Leider machen die Interaktionen von Laura und ihrem Vater nur etwa gut die Hälfte des gesamten Films aus – und der Rest ist eine New-York-Beziehungskiste, die von Beginn an kaum mehr ist als ein Anlass für die Auftritte von Bill Murray. Die präsentierten Beweise fürs Fremdgehen - bis hin zu einem Thermomix als Geburtstagsgeschenk – werden im Verlauf von „On The Rocks“ derart lieblos und zweckmäßig gestreut, dass es am Ende eigentlich nur noch zwei Möglichkeiten gibt:
Wenn Dean tatsächlich seine Frau betrogen hat, dann ist zumindest dieser Teil von „On The Rocks“ einfach nur eine klischeehafte Fremdgehgeschichte.

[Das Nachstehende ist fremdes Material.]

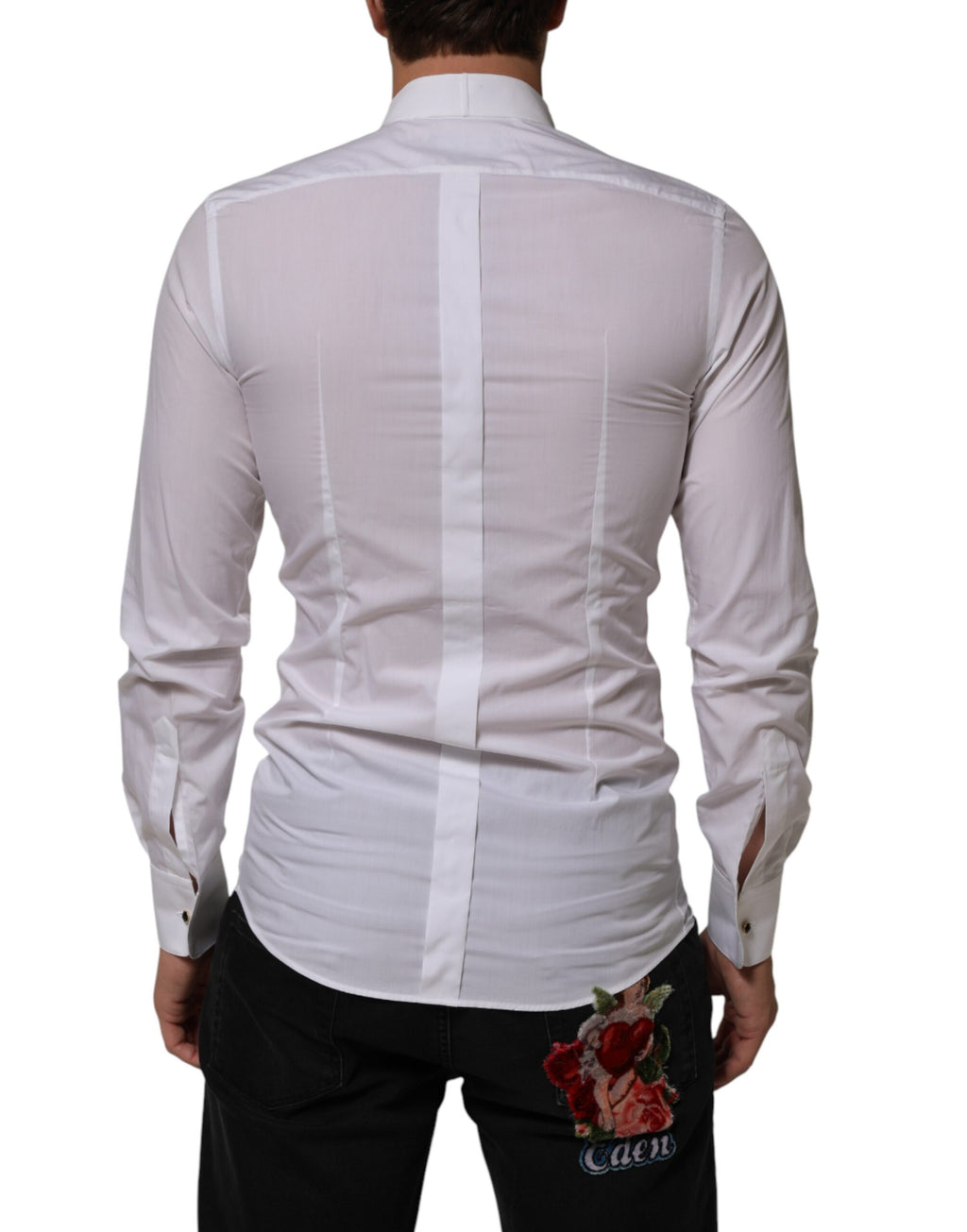 Dolce & Gabbana White Cotton Shirt with Collar and Long Sleeves, GOLD Collection
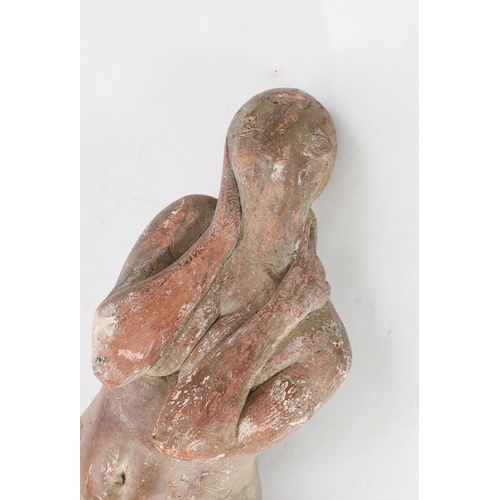 48 - In the manner of Marino Marini, a terracotta sculpture, reclining female nude Length 120cm.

Wenn er aber unschuldig ist, dann hat einen das Skript nicht etwa schlau an der Nase herumgeführt, sondern seine Protagonistin – mitsamt dem Zuschauer – einfach nur mit aller Gewalt auf die falsche Fährte geführt. Ein riesengroßes Ätschibätsch – nur eben kein bisschen clever, sondern mit dem Holzhammer zusammenkonstruiert. Beides wäre eine herbe Enttäuschung – zumal Sofia Coppola ihren Oscar für das so wunderbar subtile Drehbuch zu „Lost In Translation“ gewonnen hat.
Fazit: Bill Murray ist gewohnt großartig. Der Film hingegen zählt zu den schwächeren von Sofia Coppola.